O limite das palavras
Hoje vi uma cena no metrô que ainda não saiu da minha cabeça. O caos do horário de pico, uma porta que se fecha e o desespero de uma separação. Mas o que mais me marcou não foi o susto, foi o que veio depois. No blog hoje, uma reflexão sobre os limites das palavras quando a dor é grande demais. Sobre como o desespero de um adulto pode se transformar em marcas invisíveis em quem está ao redor. Às vezes, as palavras que não curam são as mesmas que ferem profundamente.
Mirella Rossini
12/2/20252 min read

O limite das palavras
Hoje vi uma cena que ainda não saiu da minha cabeça.
Era fim de tarde no metrô, aquele caos que a cidade cria quando todo mundo quer ir embora ao mesmo tempo. Pessoas se tornam uma massa única que se movimenta sem freio, como um estouro de boiada.
Entrei junto com a multidão. Um apito, e a porta se fechou. Com ela, um grito: por favor, abre a porta, minha filha ficou pra fora!
O trem começou a andar. Uma mãe dentro do vagão, com uma criança
de colo, enquanto a outra ficou sozinha na plataforma.
Com muito pesar, já dou um spoiler: não sei o desfecho dessa história.
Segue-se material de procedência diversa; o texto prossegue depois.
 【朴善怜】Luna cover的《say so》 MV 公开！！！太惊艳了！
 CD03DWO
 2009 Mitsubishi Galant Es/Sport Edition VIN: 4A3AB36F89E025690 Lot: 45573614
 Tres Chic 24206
Talvez seja isso que me faz estar acordada até às cinco da manhã, depois de um dia longo de trabalho.


O que todos viram ali foi apenas (ou tudo) o que veio depois: a mãe desceu na estação seguinte, tomada por desespero e raiva, e descontou na criança menor. Bateu. Gritou. Disse palavras que uma criança nunca deveria ouvir. E certamente jamais vai esquecer.
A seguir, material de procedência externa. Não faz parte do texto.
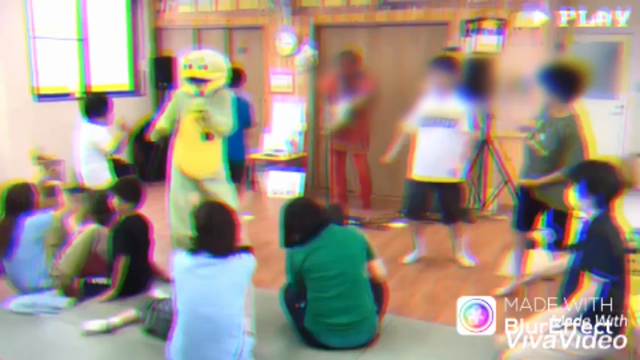 子供たちの施設にお邪魔してきましたの記事動画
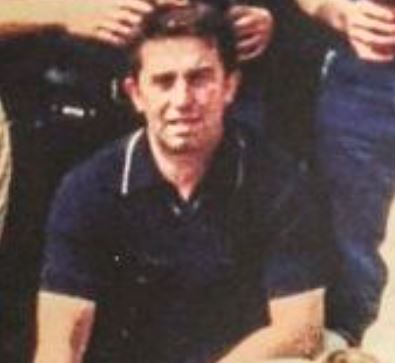 Gary Williams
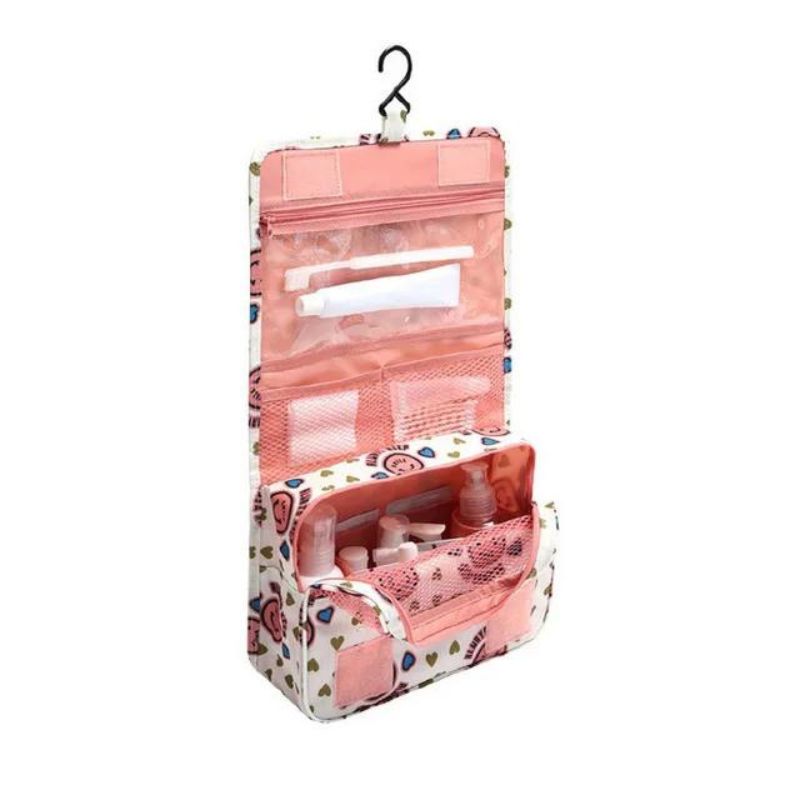 Trousse de Toilette Originale Femme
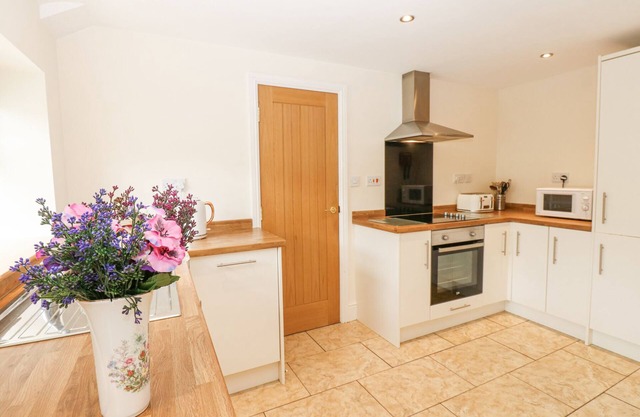 Mill Cottage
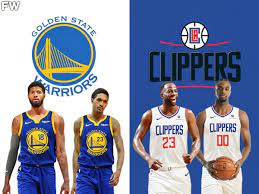 Maybe you would like to learn more about one of these? The Crazy Blockbuster Trade That Could Be Perfect For The Warriors And Clippers Fadeaway World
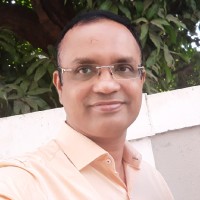 DIVYANG THAKER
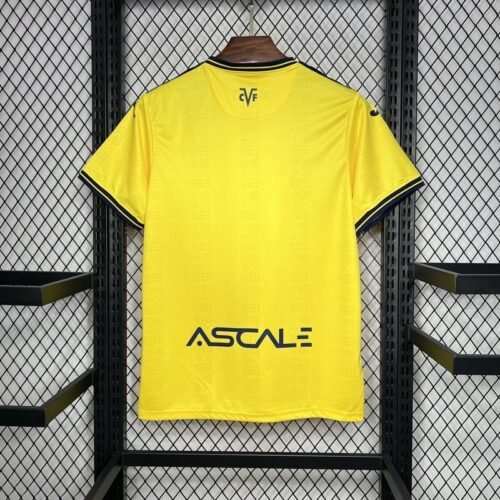 Villarreal 24/25 HOME FAN VERSION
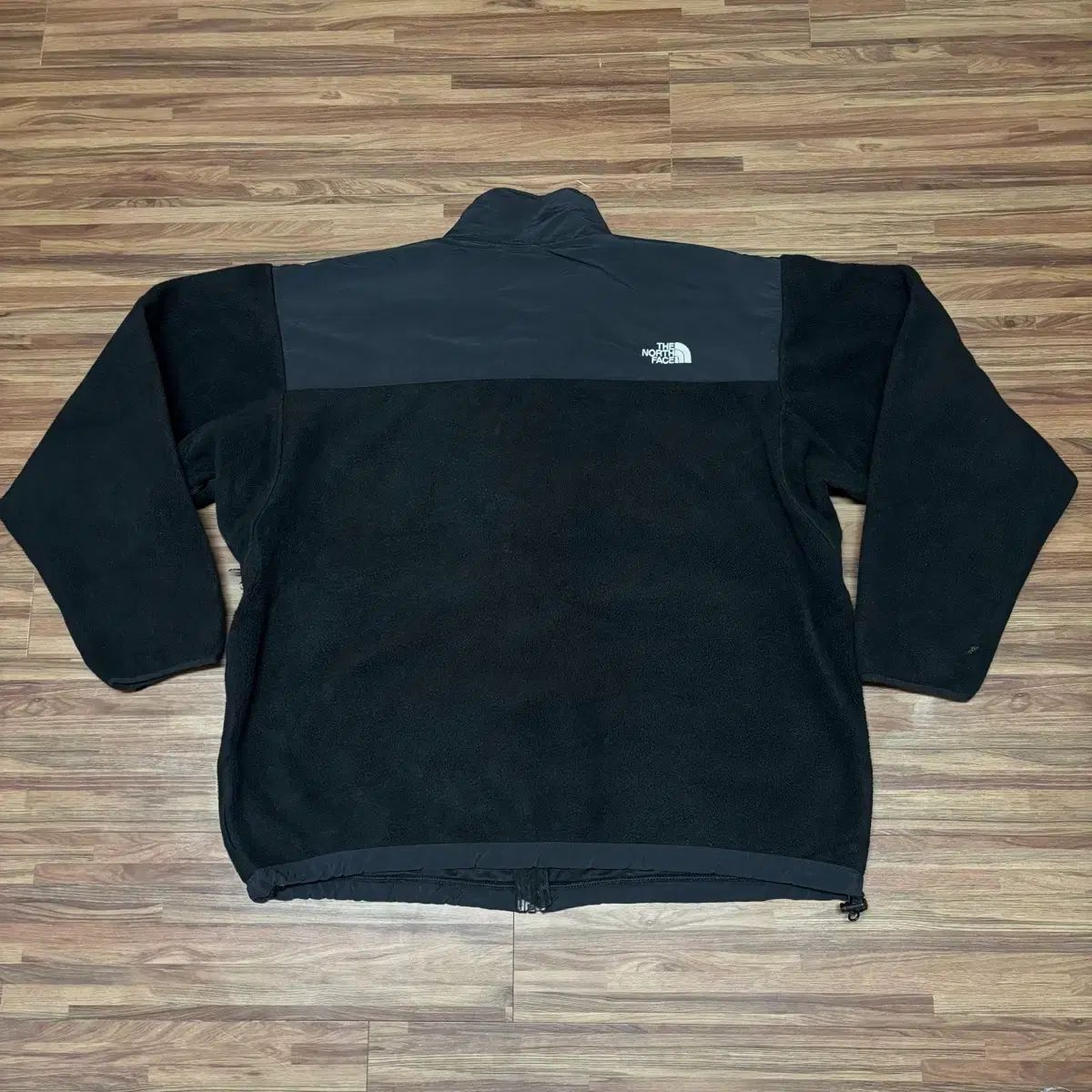 メンズ オールドスクール THE NORTH FACE ザノースフェイス デナリ 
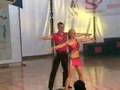 rock acro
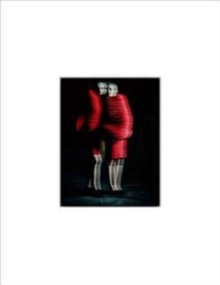 Rei Kawakubo/Comme des Garcons - Art of the In-Between, Hardback Book Rei Kawakubo/Comme des Garcons - Art of the In-Between, Hardback Book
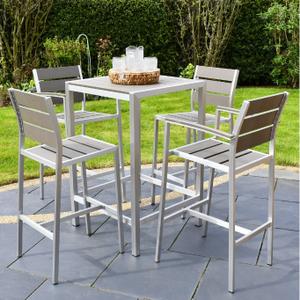 le5810rey-salon-de-jardin-5-pieces-sac-deluxe-gris-tu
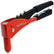 Faithfull Heavy-Duty Riveter DY-8109 Quality Steel & Fitted FAIHDR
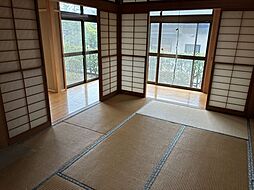 室内の画像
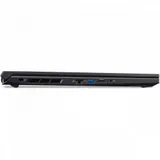 Ноутбук Acer ANV17-41 17.3" FHD IPS 144Hz Ryzen7 260 RTX5060-8GB-GDDR7 16GB-DDR5 512GB NO OS Black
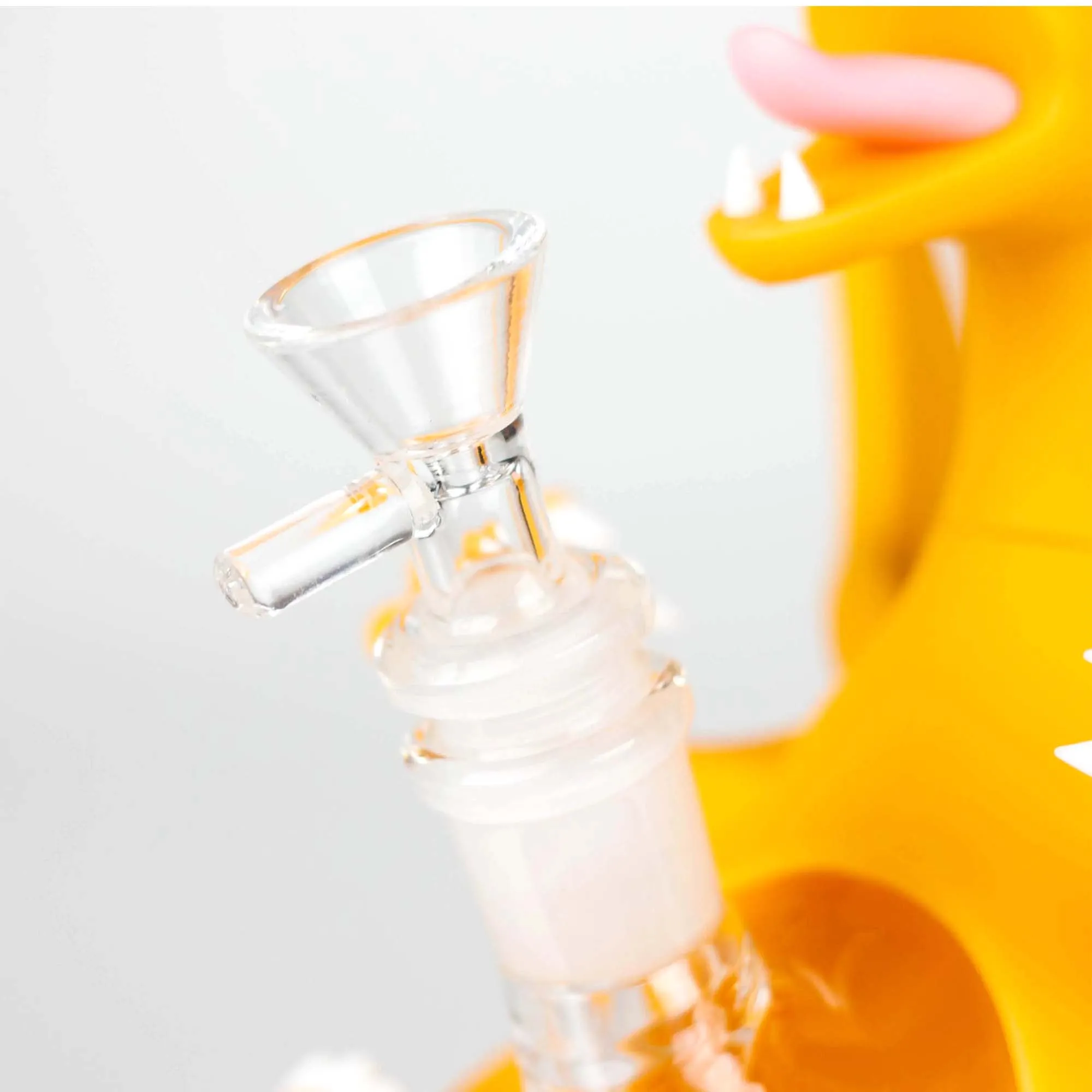 7" Charizard Water Pipe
Palavras que pesam mais do que o susto. Mais do que o tapa. Eu gritei com ela. Pedi que parasse. Em vão.
Hoje também foi um dia em que pessoas queridas dividiram comigo suas dores.
E tudo o que eu pude oferecer foram palavras. Palavras que senti não terem valor ou poder algum.
É irônico pensar como algo que me sustenta, que é meu ofício, pode parecer tão inútil quando eu mais quero que funcione. As palavras que confortam num texto, num discurso, numa campanha, não têm o mesmo efeito quando o que está em jogo é a vida real. Quando o outro não consegue ouvir, nenhuma palavra entra. E quando a dor é grande demais, nenhuma palavra basta.
Atitudes falam, sim. Mas as palavras também deixam marcas. Algumas curam. Outras nunca mais saem da memória de quem ouviu.
E é aí que mora o poder delas nesse espaço invisível entre o que é dito e o que fica.